About this exercise
As you print the data below, keep every line exactly as it is and leave the images behind.

--- Supplied information ---

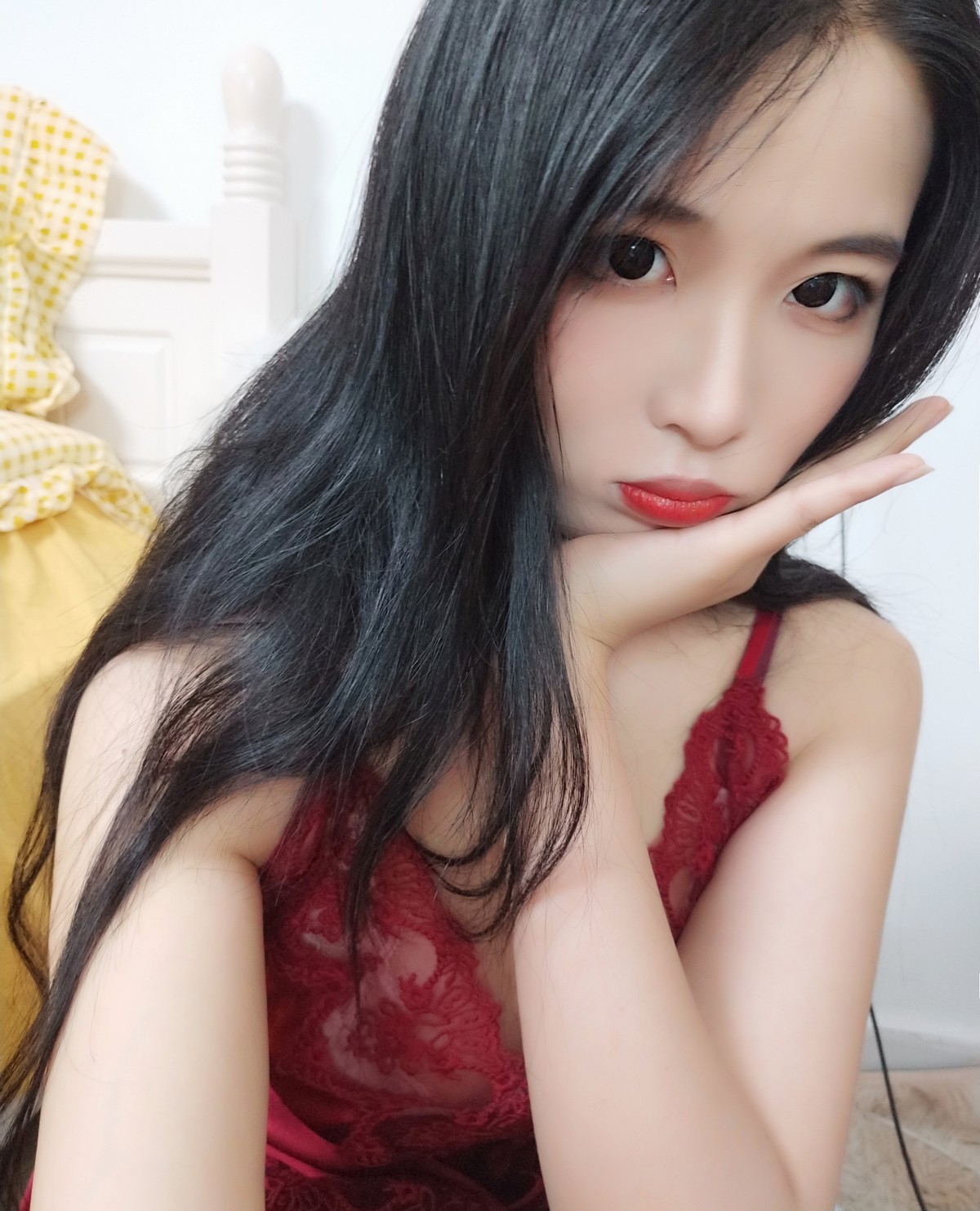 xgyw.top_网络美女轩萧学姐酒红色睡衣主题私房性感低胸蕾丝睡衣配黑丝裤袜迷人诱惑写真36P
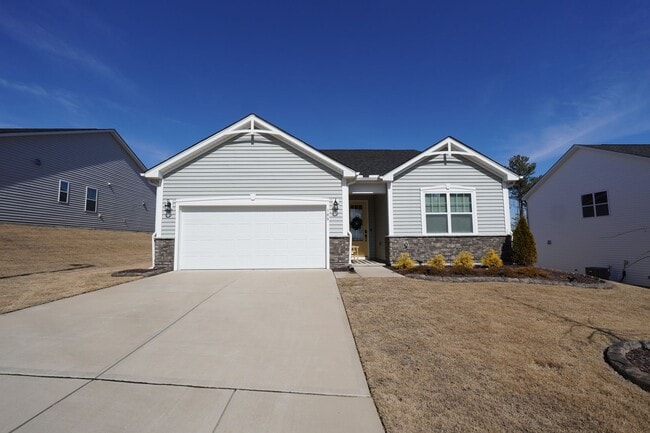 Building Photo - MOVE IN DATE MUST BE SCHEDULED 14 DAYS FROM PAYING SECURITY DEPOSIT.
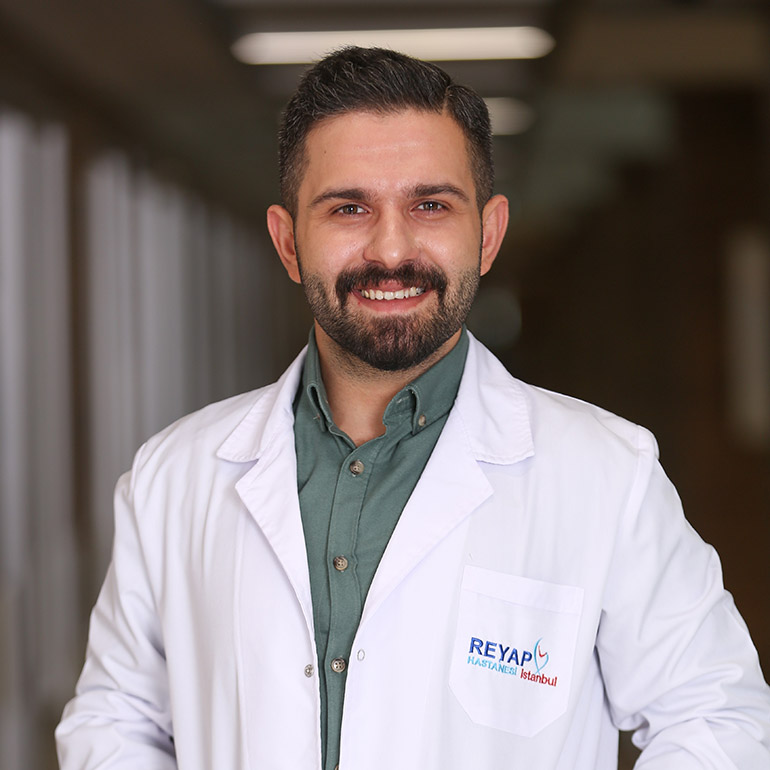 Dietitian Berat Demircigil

---

Result
 xgyw.top_网络美女轩萧学姐酒红色睡衣主题私房性感低胸蕾丝睡衣配黑丝裤袜迷人诱惑写真36P
 Building Photo - MOVE IN DATE MUST BE SCHEDULED 14 DAYS FROM PAYING SECURITY DEPOSIT.
 Dietitian Berat Demircigil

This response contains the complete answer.